Ou seja, resulta do mencionado aresto que a convenção, no contrato de trabalho escrito, de determinada retribuição não obsta a que seja feita prova testemunhal de que é outro o valor da retribuição acordada e/ou paga, o que vale, dizemos nós, especialmente tendo em conta que, face à perenidade do contrato de trabalho e consequente longevidade da sua execução, as condições de trabalho, mormente a retribuição, se vão alterando ao longo do tempo. E se tal sucede em relação à alteração da retribuição, afigura-se-nos que, pela mesma razão, poderão ser alteradas as condições relativas ao período normal de trabalho e/ou ao horário de trabalho, alterações que poderão ser provadas por via testemunhal ainda que diferentes das que inicialmente haviam sido acordadas no contrato de trabalho escrito. O que, e por maioria de razão, vale também para a prova do contexto e/ou das razões que levaram à alteração dessas condições, designadamente retribuição e período e/ou horário normal de trabalho.
Não se nos afigura, pois, que proceda o argumento da Recorrente, centrado no art. 394º do CC, de que não seria admissível prova testemunhal sobre o facto que ora impugna.

No entanto, o Tribunal não está vinculado às alegações das partes em matéria de indagação, interpretação e aplicação das regras de direito (art. 5º, nº 3, do CPC/2013), pelo que, embora sem prejuízo do que acima se disse, importa ainda referir o que de seguida se dirá.
O contrato de trabalho celebrado entre as partes aos 15.09.2003, além de consubstanciar um denominado contrato de trabalho a termo (embora posteriormente considerado como sem termo), consubstancia simultaneamente um contrato de trabalho a tempo parcial, sujeito, a essa data, ao regime da Lei 103/99, de 26.07, dele constando a indicação do número de horas semanais e a retribuição acordadas (€316,77).

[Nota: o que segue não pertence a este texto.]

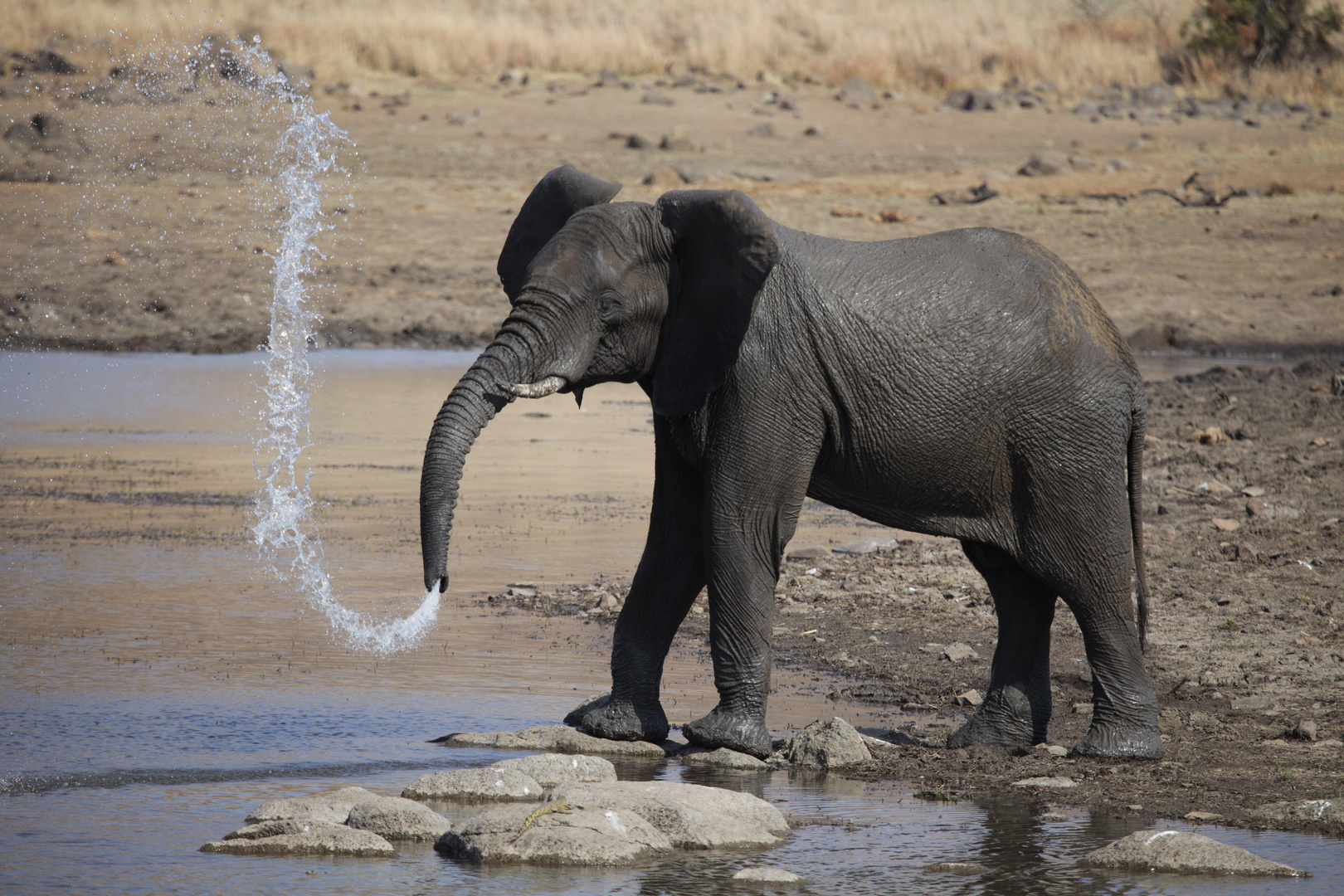 Elefant beim spielen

Decorre, contudo, do nº 56 dos factos provados que, no período de janeiro a junho de 2014, a Ré passou a pagar à A. a retribuição mensal de € 491,13, facto este não impugnado, e bem assim que tal sucedeu “porque nesse período (e apenas nesse), foi celebrado um acordo entre a mesma e a ora Ré, tendente a suprir tarefas de um colega que se encontrava ausente – que implicou, portanto, maior número de horas trabalhadas.”, este o segmento impugnado com fundamento em que, sobre ele, não poderia incidir prova testemunhal.
À data dessa alteração já estava em vigor o CT/2003, aprovado pela Lei 99/2003, de 27.08 e que entrou em vigor aos 01.12.2003, diploma este o aplicável a tal alteração.
O trabalho a tempo parcial encontra-se regulado nos art. 180º e segs, estipulando o art. 184º que: “1. Do contrato de trabalho a tempo parcial deve constar a indicação do período normal de trabalho diário e semanal com referência comparativa ao trabalho a tempo completo. 2. Quando não tenha sido observada a forma escrita, presume-se que o contrato foi celebrado por tempo completo. 3. Se falta no contrato a indicação do período normal de trabalho semanal, presume-se que o contrato foi celebrado para a duração máxima do período normal de trabalho admitida para o contrato a tempo parcial pela lei ou por instrumento de regulamentação colectiva de trabalho aplicável.”
E, no art. 186º, nº 1, determina-se que: “1. O trabalhador a tempo parcial pode passar a trabalhar a tempo completo, ou o inverso, a título definitivo ou por período determinado, mediante acordo escrito com o empregador.”
Tendo em conta que é exigido que o período normal de trabalho deve constar do acordo escrito, tal como a passagem do trabalho a tempo parcial para tempo inteiro (ou vice-versa), poder-se-ia questionar se, face ao disposto no art. 364º do Cód. Civil, seria admissível prova testemunhal sobre o segmento do nº 56 dos factos provados ora impugnado [o referido art. 364º dispõe que: “1. Quando a lei exigir, como forma da declaração negocial, documento autêntico, autenticado ou particular, não pode ser substituído por outro meio de prova ou por outro documento que não seja de força probatória superior. 2. Se, porém, resultar claramente da lei que o documento é exigido apenas para prova da declaração, pode ser substituído por confissão expressa, judicial ou extrajudicial, contando que, neste último caso, a confissão conste de documento de igual ou superior valor probatório.”]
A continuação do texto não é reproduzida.